I had a feeling that Tuesday morning was going to be weird. When Weasel, the Lab mix, rousted me around 4:30 to go outside, the peeper frogs in the swamp were especially worked up and a whippoorwill sang from a tree in the driveway so close that I could hear a clicking he made between choruses. Click. Whip-poor-will. Click. I went back upstairs and put my head down on a pillow.
About an hour later I was jolted awake by what seemed to be a car alarm either very close to or actually inside the house. Whatever it was, it rang out once then was silent. Was it a carbon monoxide detector, I wondered. No. A house wren was inside, flying around the sunroom. I had left the door ajar for the dog and the wren had taken advantage to make an exploratory run. I opened the door wide, and told the bird to shut up and go away, which it did.
As I watched it fly off into the brush, my eye was pulled by a blur of movement. A ruby- throated hummingbird, the first I had ever seen in Amagansett, was darting among the blossoms on my spindly apple tree. He — the rednecks are all men — sped among the clusters of blooms. For a moment it broke away to chase an insect then returned to its work before disappearing in an instant.

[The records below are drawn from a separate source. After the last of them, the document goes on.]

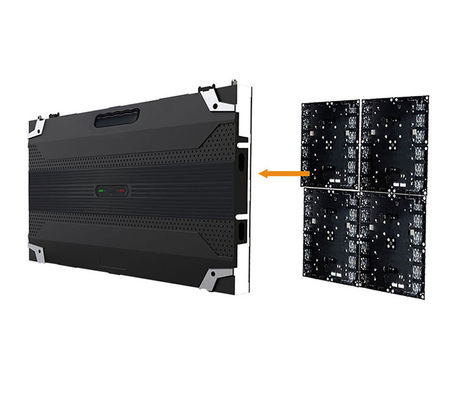 Seria Ultra HD 16:9 Wyświetlacz LED - Rozstaw pikseli P0.7-P2.3mm, rozmiar szafy 600×337.5mm, częstotliwość odświeżania 7680Hz, łatwe osiągnięcie rozdzielczości 2k, 4k, 8k z technologią SMD, GOB i COB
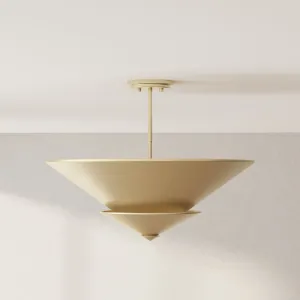 Pinellas Collection 25 in. Four-Light Flush Mount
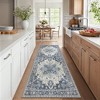 Abynow Faded Medallion Indoor Area Rug - 3 of 4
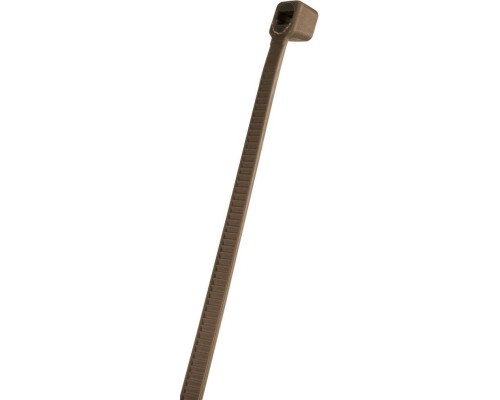 Стяжка Neo Tools 50шт, пластик, 4.8х300мм, коричнева (15-972)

In general, bird life has seemed especially vigorous this spring. Things I have noticed include more first-year ospreys around than I can recall and a few bald eagles, one of which I watched as it was perched on the very top of a giant radio tower behind East Hampton Town Hall, sharply harried by a much smaller bird. And something has been pooping on the cars, repeatedly, as if it is trying to tell us something.